Schloss Heidelberg, also know as Heidelberg Castle (in English), resides 300 feet above the city of Heidelberg. There are a few options for getting to the castle. You can either walk, take a car, or take a funicular. I think there is also a bus but I haven’t checked on that yet. I was too cheap to spend the 6 Euros to take the funicular and don’t have a car, so I decided to walk (plus, I figured walking was the “outdoorsy” thing to do). The walk wasn’t too terrible. It was incredibly steep but only took about 15 minutes. Once at the top, the views more than made up for the walk!

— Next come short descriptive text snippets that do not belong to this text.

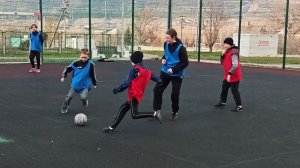 Дети и подростки поиграли в футбол 06.03.2026. Игра первая.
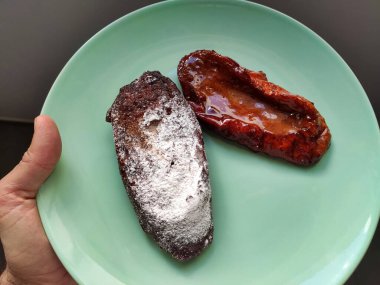 Bir çift torrijas, biri şekerle, diğeri balla kaplı, İspanya 'da Paskalya, Malaga, İspanya' da tipik bir tatlı.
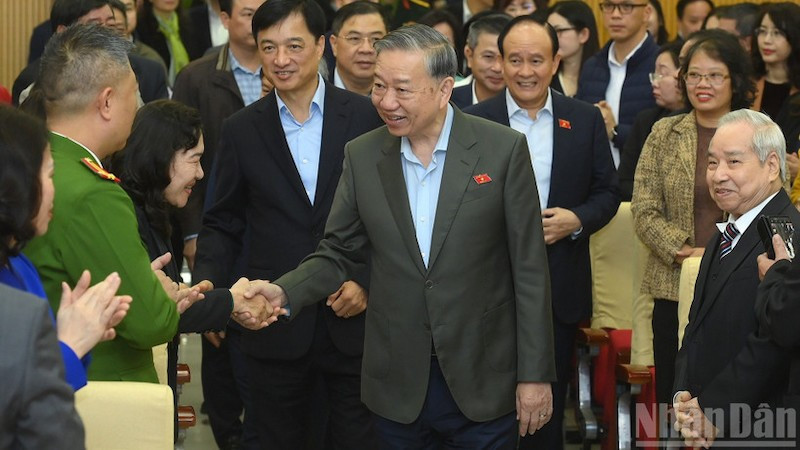 Генеральный секретарь ЦК КПВ То Лам встречается с избирателями в Ханое. Фото: Данг Кхоа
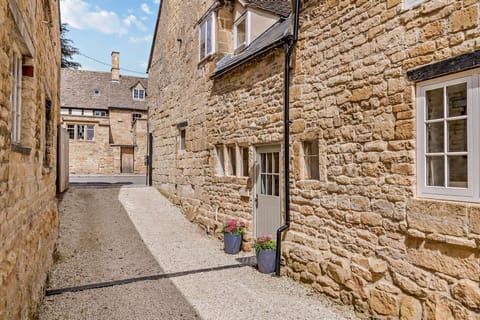 Butcher's Flat - StayCotswold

The castle is a focal point of Heidelberg. The earliest castle dates to around 1214 (also known as the upper castle). Construction started on the second castle (lower castle) around 1300 but wasn’t used as a residence until Prince Elector Ruprecht III moved there from 1398-1410. In 1537, a lightening strike destroyed the upper castle and it was never rebuilt. From 1398 to 1764 the castle (most likely the lower castle) was used at the official residence of the Elector Palatine. However, in 1764 the castle was destroyed by lightening. In 1800 Count Charles de Graimberg began to preserve the castle. Up until this point, the stones of the castle were used by residents of Heidelberg to build their homes.

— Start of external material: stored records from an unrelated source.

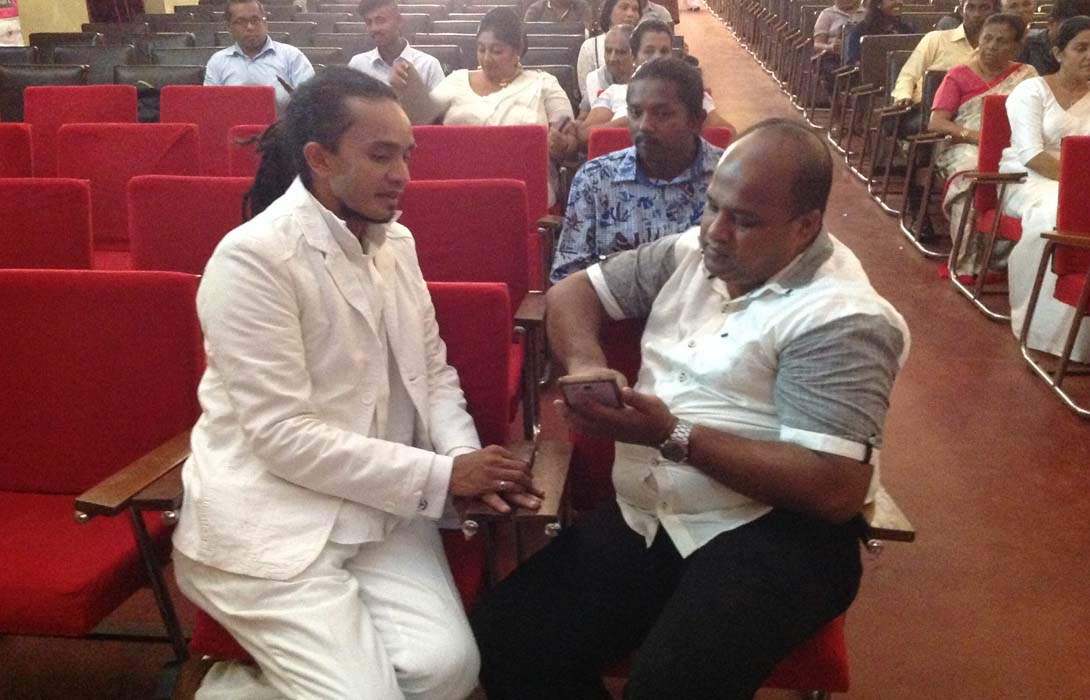 Hon. Mohamed Akram, Member of Western Provincial Council invited as Guest of Honour for Nonewathi Idiriyata program organized by Prof. Prince Azad on 10th October 2015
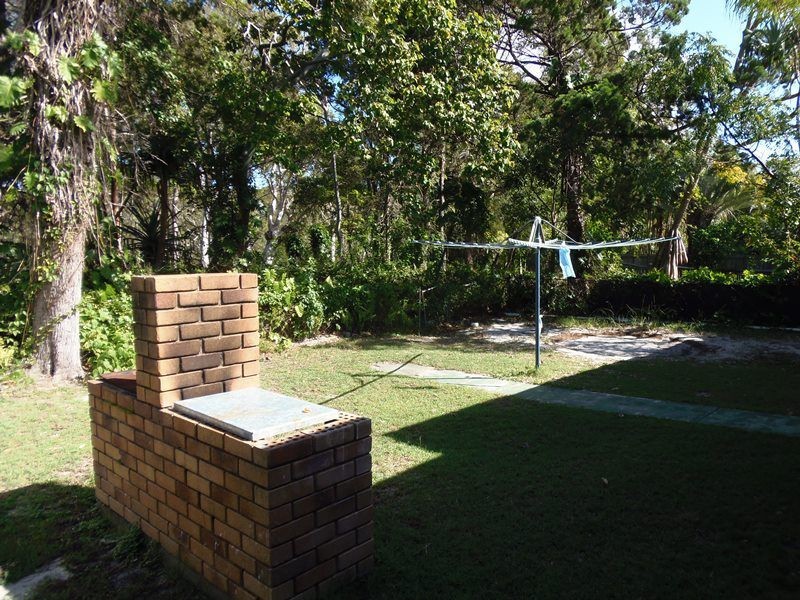 22 Rumbalara Avenue, Rainbow Beach QLD 4581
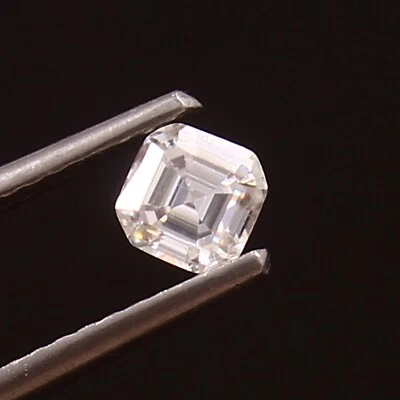White D Color Moissanite Asscher Cut VVS1 Lab Created Diamond Gemstone 4x4 MM - Image 1 of 4
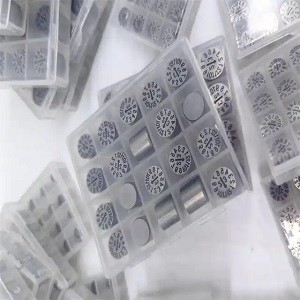 OPITZ Standard Injection Mould Partie Date Le code du timbre Le timbre thermique Date remplaçable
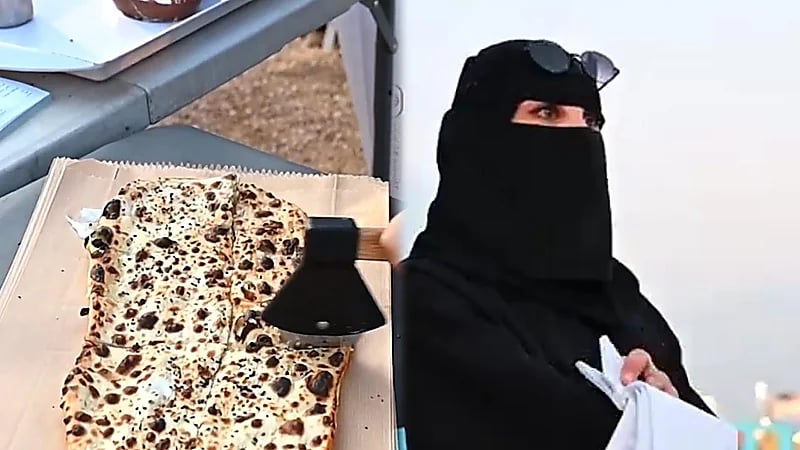 رغم ولادتها بيد واحدة .. عزيزة العمري تتحدى الصعاب وتعمل على عربة طعام مع أسرتها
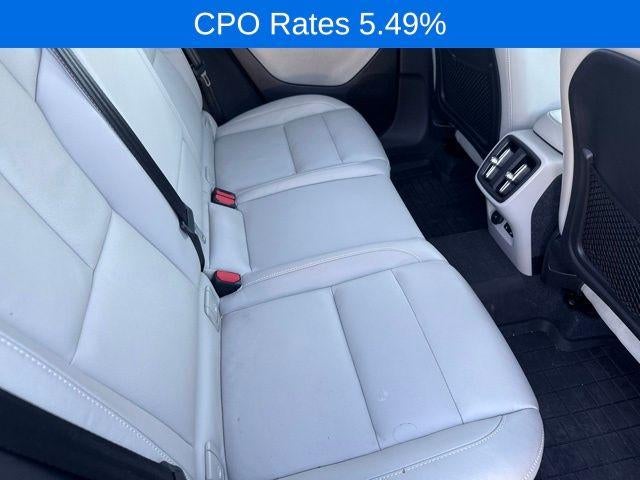 2023 Volvo XC40 B5 AWD Plus Dark Theme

Throughout its 400 years as a residence of the Elector Palatine, the castle and city of Heidelberg were involved in two major wars: the Thirty Years War and Nine Years’ War. Under the Thirty Years War, the castle was taken by the Swedes in 1633. The Elector Palatine did not move back into the castle until 1649, after the signing of the Peace of Westphalia. The castle became involved in a succession war during the Nine Years’ War. Prince Elector Charles II died in 1685 and was the last in line of the House of Palatine – Simmern. Being the last in his line, the castle (and territory) was transferred to the House of Palatine – Neuburg. This also made the territory a Catholic region (it was previously a Protestant region under the House of Palatine – Simmern). However, the French claimed this area as their own because Charles II’s sister, Elizabeth Charlotte was married the King XIV’s younger brother, Philippe I. After a back-and-forth struggle for 12 years between the French and House of Palatine – Neuburg, peace was signed in 1697 and the castle (and surrounding) territory was returned to the House of Palatine – Neuburg. However, the castle needed many repairs following the war.

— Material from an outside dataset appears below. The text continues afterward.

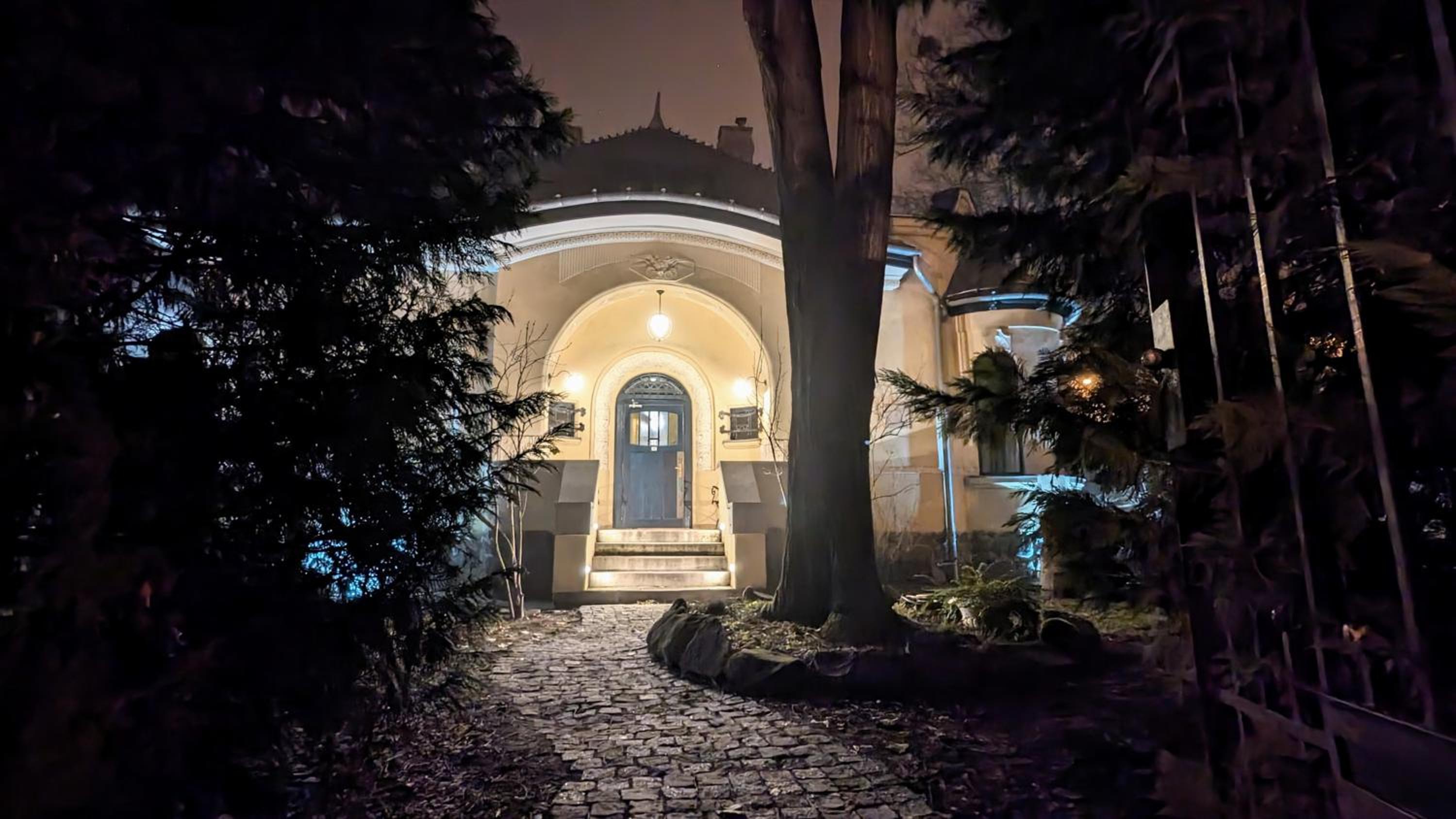 Magyaros-szecessziós Villa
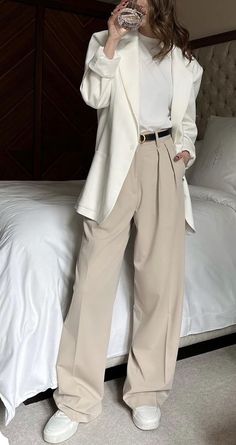 Cream Pants Outfit Women, Beige Pantalon Outfit, Formal Ootd, How To Look Expensive, Simple Style Outfits, Desi Fashion Casual, Beige Outfit, Korean Casual Outfits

Even with the castle and territory returned to the House of Palatine – Neuburg, peace never really came to the region. Following the withdrawal of the French, a series of conflicts arose for the next several decades between the Protestant citizens of Heidelberg and the Catholic Elector Palatine. In 1720 the Elector Palatine moved his court and all assisting individuals to nearby Mannheim. The castle remained empty for the next 40 years. Eventually the castle was destroyed by lightening in 1764 and never restored, although the ruins have now been preserved. Famous visitors of the castle include Mark Twain, Victor Hugo, and Martin Luther.